**Image-caption web data**
++++++
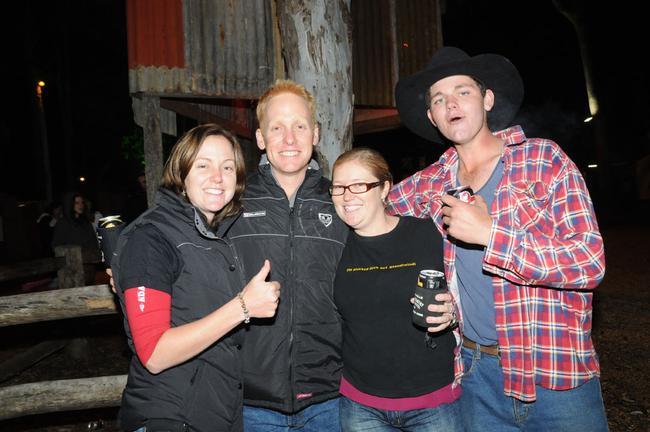 Joelene Robinson, Shane Robinson, Mandy Constable and Aaron Edwards. Picture: Craig Warhurst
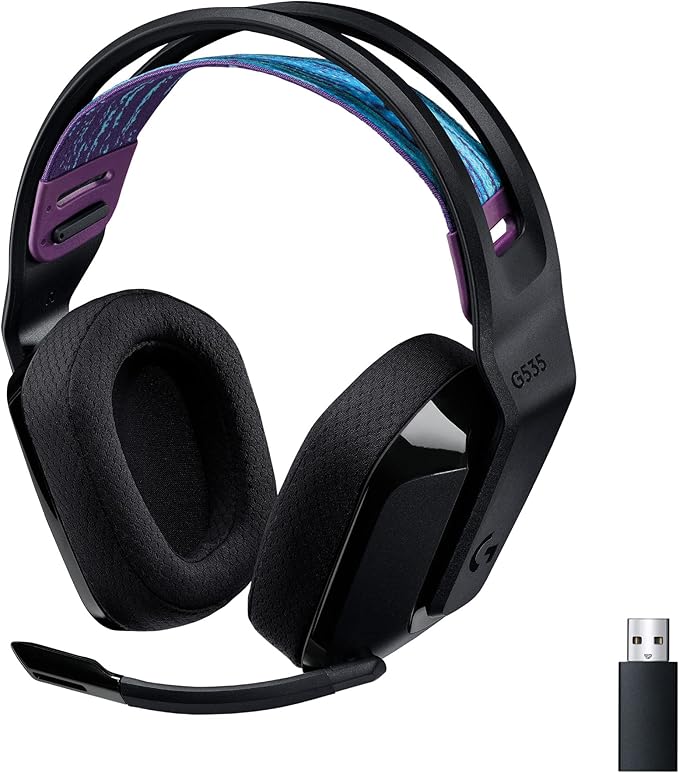 Logitech G535 Lightspeed Wireless Gaming Headset + G305 Lightspeed Wireless Gaming Mouse - Black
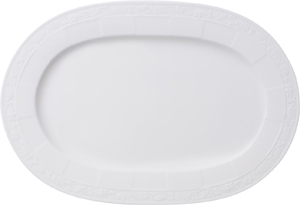 Tallrik flat oval 35 cm White Pearl Villeroy & Boch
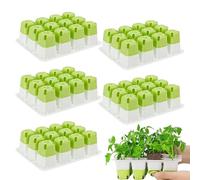 Plateau De Démarreur De Semis En Silicone - 5pcs Starter Têtes De Démarrage | Plateaux De Germination De Plantes De 12 Trou | Pots De Semis En Silicone | Conteneurs De Germination D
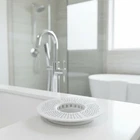 Effortless Clog Prevention: Hairstopper 1PK Plastic Drain Protector Bathtubs New. Price: $9.71.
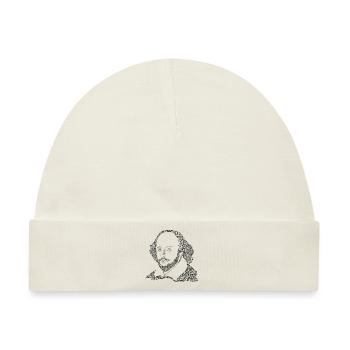 William Shakespeare - Baby Premium Organic Mütze - Naturweiß - Vorne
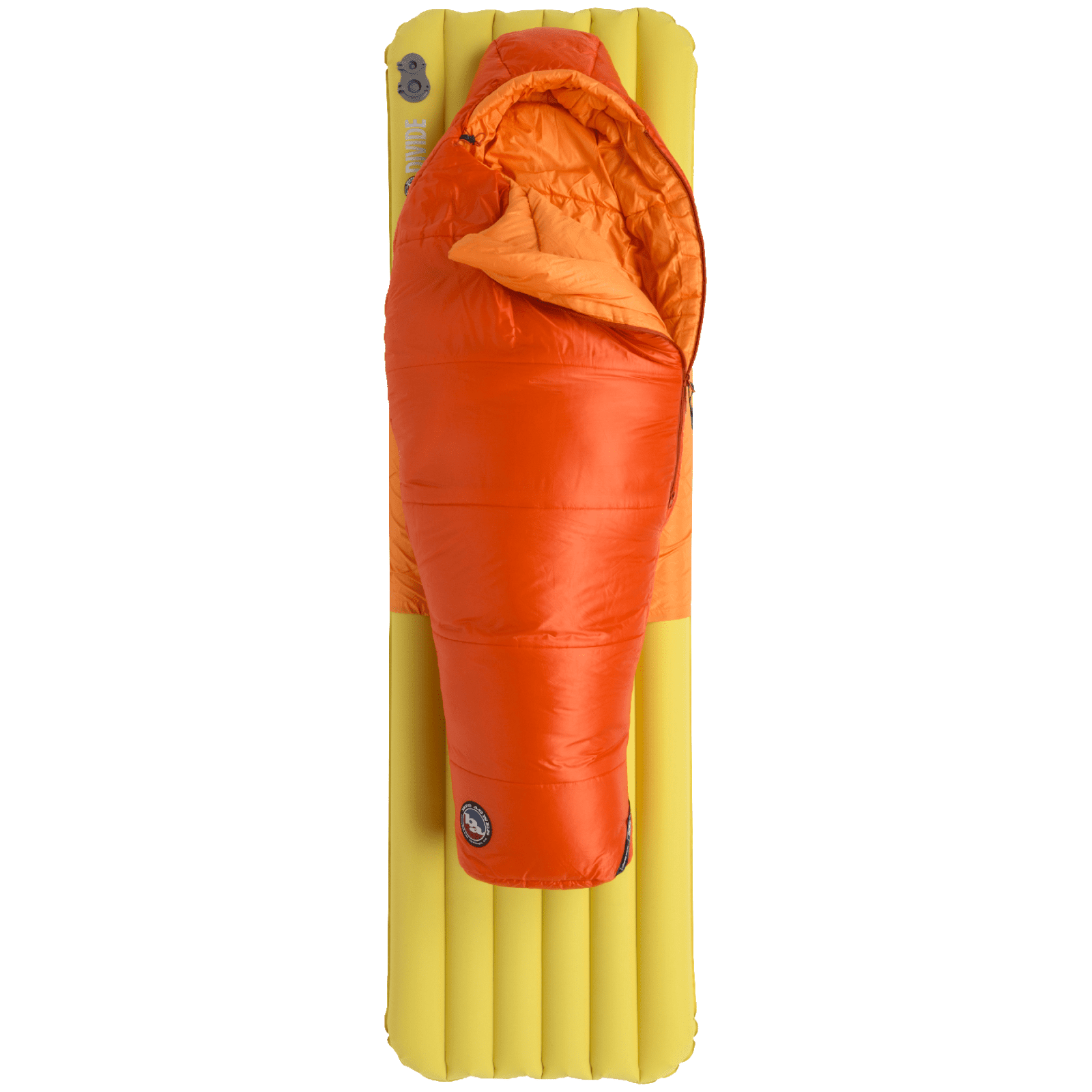 Dětský spacák Big Agnes Little Red 20 Zip: Levý / Barva: oranžová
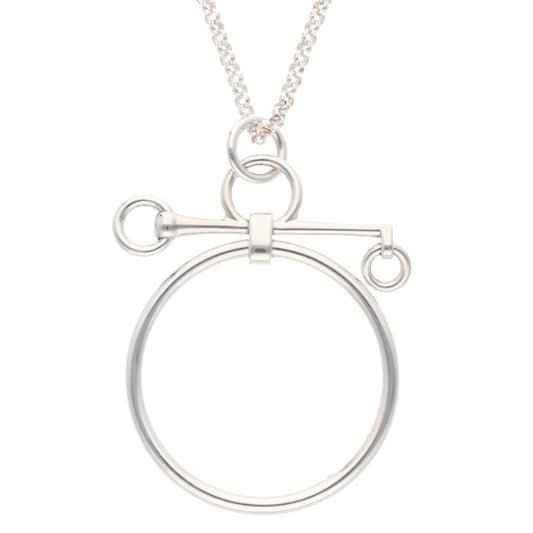 HERMES Mors de Bride 925 Silver Necklace Size ONE SIZE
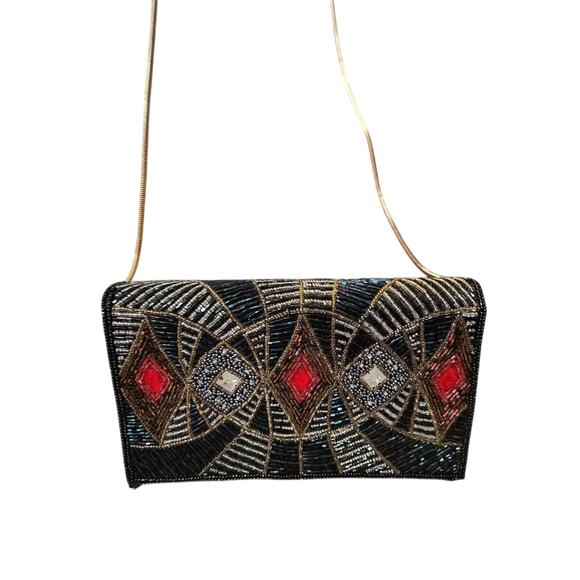 Vintage Carla Marchi Beaded Evening Bag - Picture 2 of 2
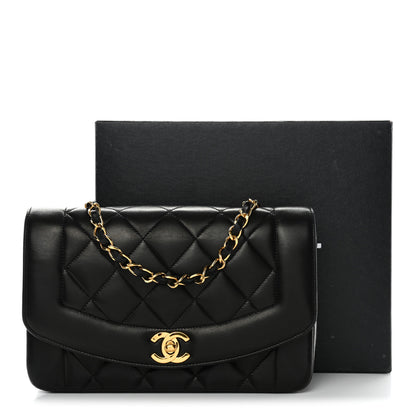 Chanel Lambskin Quilted Small Single Flap Black 2 of 13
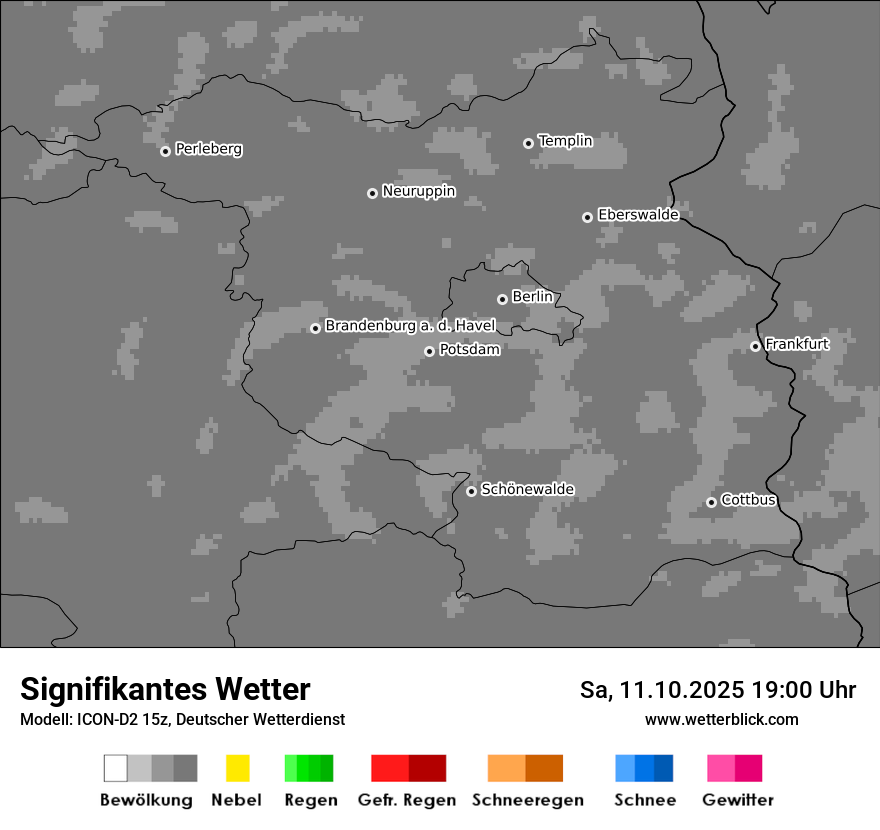 Modellkarten Signifikantes Wetter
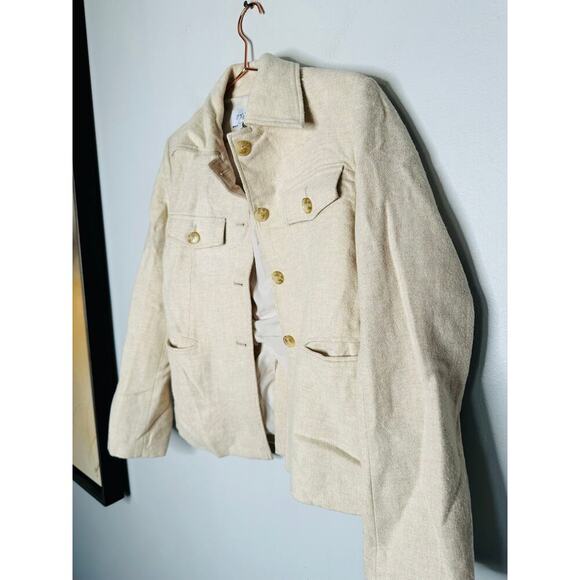 DEREK LAM 10 CROSBY Off-White Twill Wool Blend Jasper Utility Blazer Jacket sz 4 - Picture 7 of 13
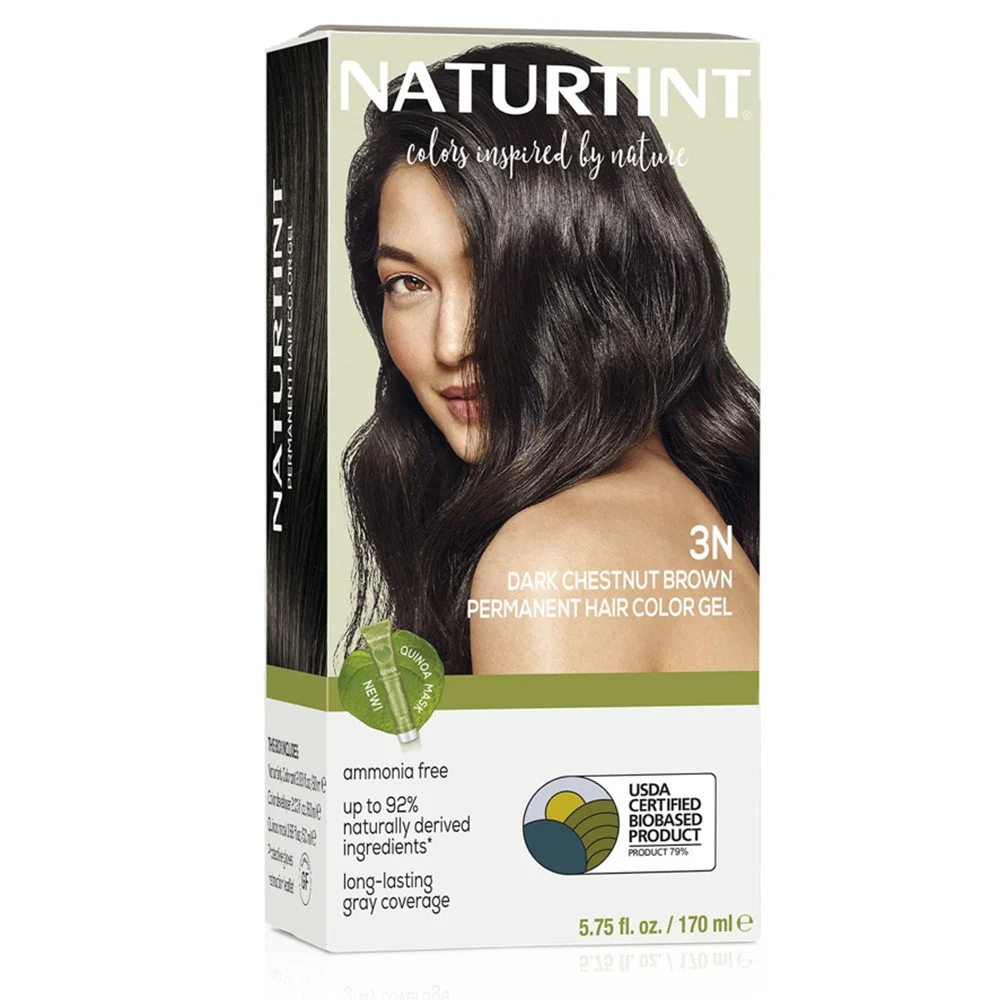 Selected Naturtint Permanent Hair Colorant 3N Dark Chestnut Brown 5.75 Oz Detailed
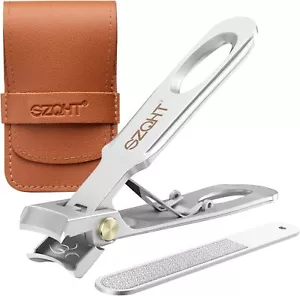 Toenail Clippers for Thick Nails for Seniors,Angled Head Large Toe Nail Clipper, - Picture 1 of 20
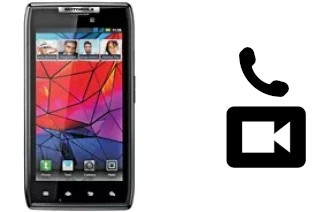 Effettua videochiamate con a Motorola RAZR XT910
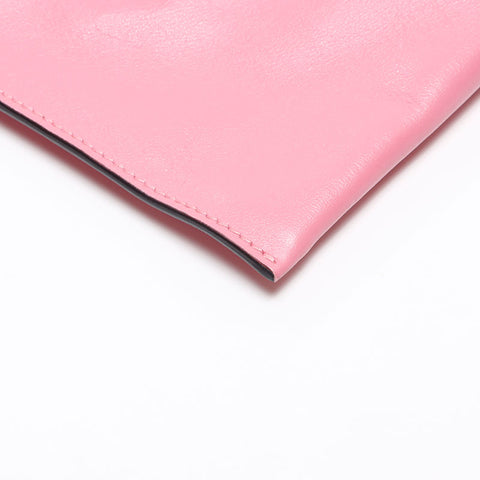 Miu Miu Logo Leather Travel Pouch Clutch bag pink WS13525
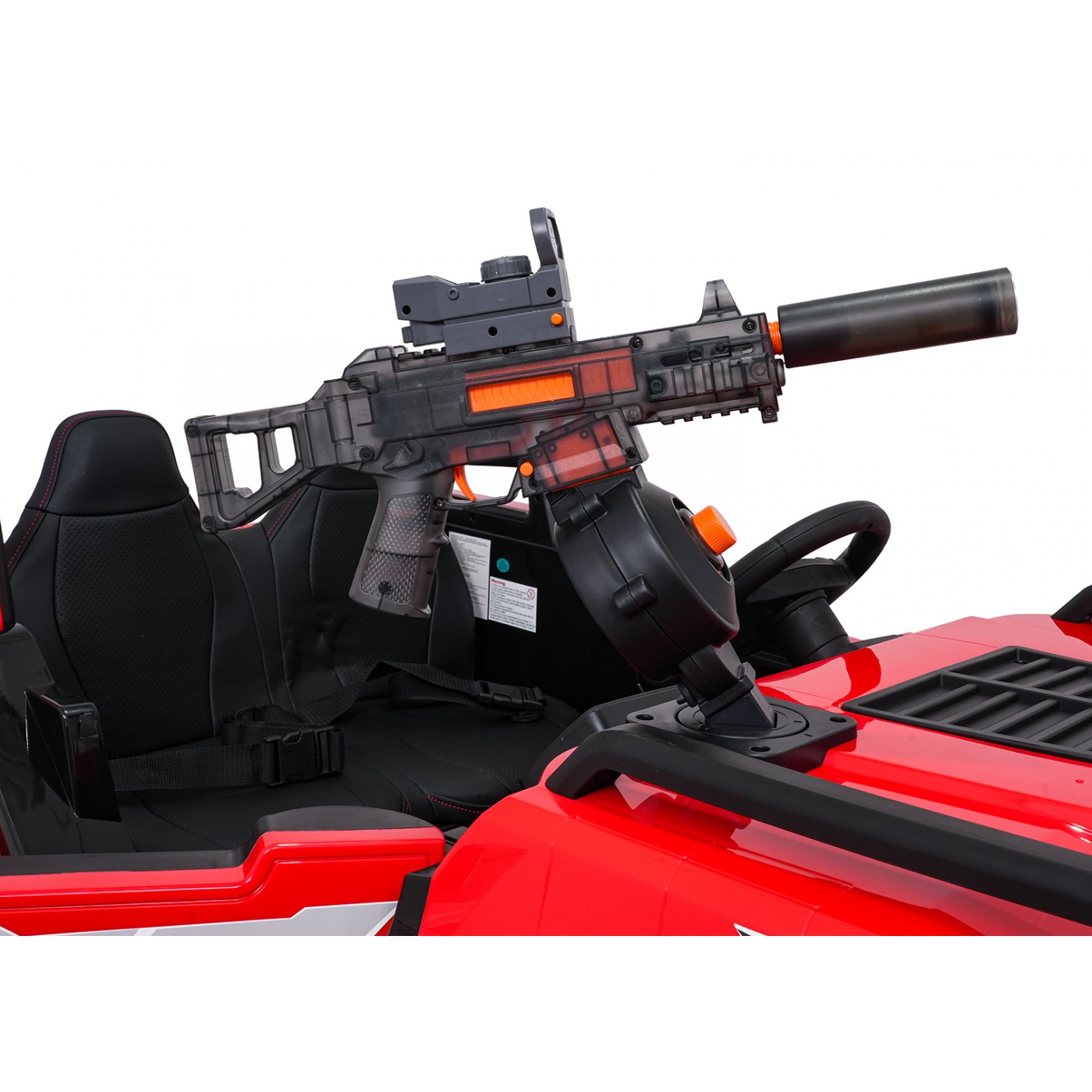 Kočárek PROSPECTOR 4x4 STRONG červený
++++++
**Aim of the exercise**
Look above for the line with "HERMES Mors de" and the line with "Selected Naturtint Permanent"; set down those two lines and all lines between them exactly, without pictures and without anything else.

**Reply to the exercise**
 HERMES Mors de Bride 925 Silver Necklace Size ONE SIZE
 Vintage Carla Marchi Beaded Evening Bag - Picture 2 of 2
 Chanel Lambskin Quilted Small Single Flap Black 2 of 13
 Modellkarten Signifikantes Wetter
 DEREK LAM 10 CROSBY Off-White Twill Wool Blend Jasper Utility Blazer Jacket sz 4 - Picture 7 of 13
 Selected Naturtint Permanent Hair Colorant 3N Dark Chestnut Brown 5.75 Oz Detailed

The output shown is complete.